* **Directions for this task**
Find the line that contains "18.04 | ЧОУНБ". Then set down that line and all the lines after it, to the end of the records, exactly and with nothing added.

[[ Information shown, beginning ]]

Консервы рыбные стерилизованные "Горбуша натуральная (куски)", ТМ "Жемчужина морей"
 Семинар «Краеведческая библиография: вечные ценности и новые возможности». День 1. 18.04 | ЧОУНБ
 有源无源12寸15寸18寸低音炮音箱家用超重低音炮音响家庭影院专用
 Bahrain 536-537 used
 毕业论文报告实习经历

[[ Information shown, end ]]

* **Result for this task**
 Семинар «Краеведческая библиография: вечные ценности и новые возможности». День 1. 18.04 | ЧОУНБ
 有源无源12寸15寸18寸低音炮音箱家用超重低音炮音响家庭影院专用
 Bahrain 536-537 used
 毕业论文报告实习经历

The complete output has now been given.